House debates

Wednesday, 4 June 2014

Matters of Public Importance

Higher Education

3:54 pm

Photo of Pat ConroyPat Conroy (Charlton, Australian Labor Party) Share this | Hansard source

I enjoy being lectured about career achievement by a man who has spent seven years in here not making a single mark! If we are the F Troop, he has got to be the Z Troop—and he is sitting amongst others there! This is a debate about a nasty government pursuing an ideological agenda. The inconsistency on their side is remarkable. We heard from the first speaker about paying down Labor's debt. And then we had the black is white story, that this is actually about equality of access, that liberating students from their money will give them greater chances in their attempt to get an education. The truth is that education is a great enabler.

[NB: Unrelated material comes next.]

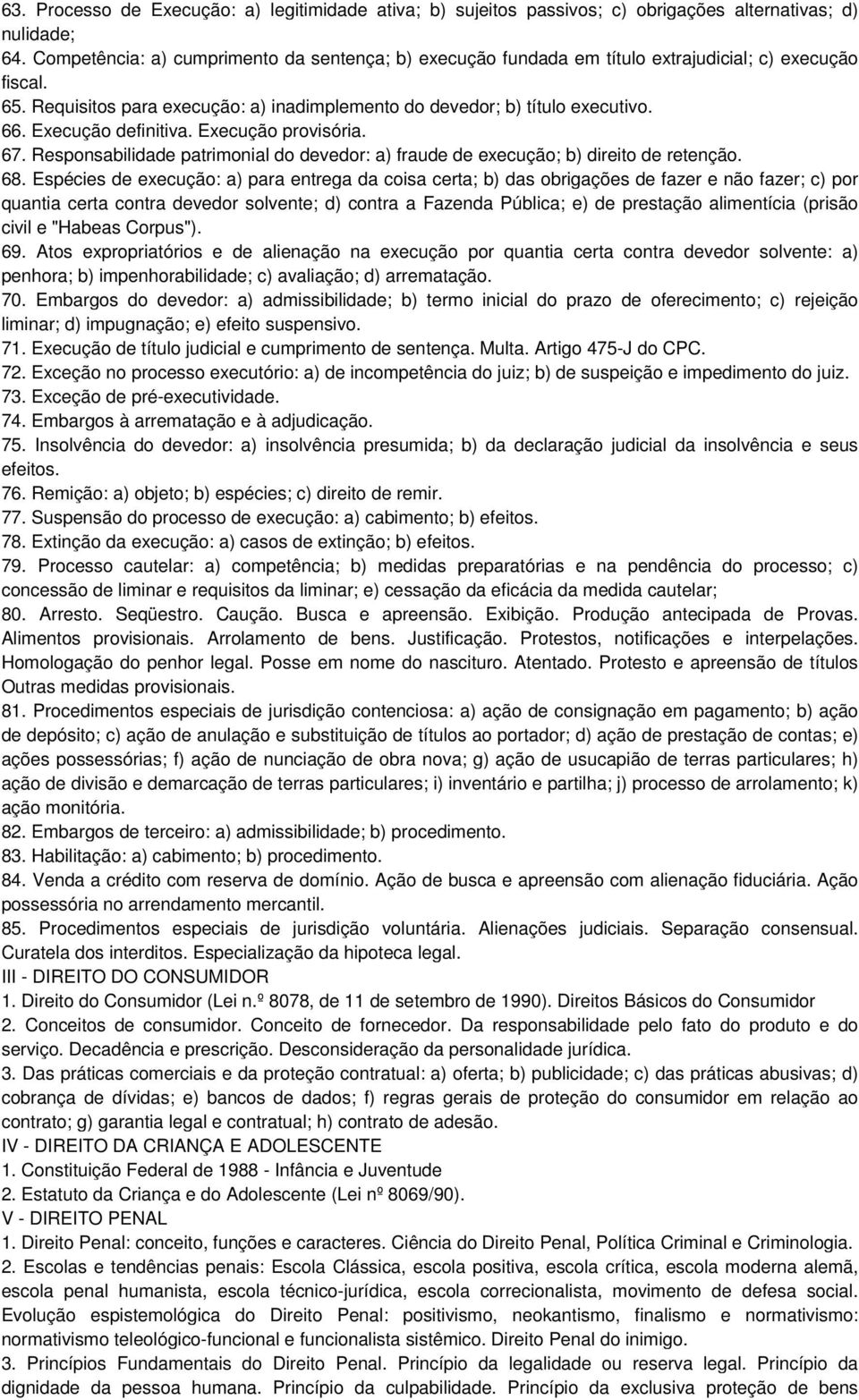 Execução definitiva. Execução provisória. 67. Responsabilidade patrimonial do devedor: a) fraude de execução; b) direito de retenção. 68.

Like many on this side, I am proud that I am the first on my mum's side of the family to go to uni. I am not one of these chardonnay socialists. I am someone who went to university. I paid HECS in an affordable manner, indexed to the CPI, and had plenty of time to pay it back. What they are doing on that side is shutting the door on more kids from working-class backgrounds going to uni. They are shutting the door by introducing $5 billion of funding cuts. They are shutting the door by jacking up fees. They are shutting the door by applying commercial interest rates that will force working-class students to think twice about going to uni.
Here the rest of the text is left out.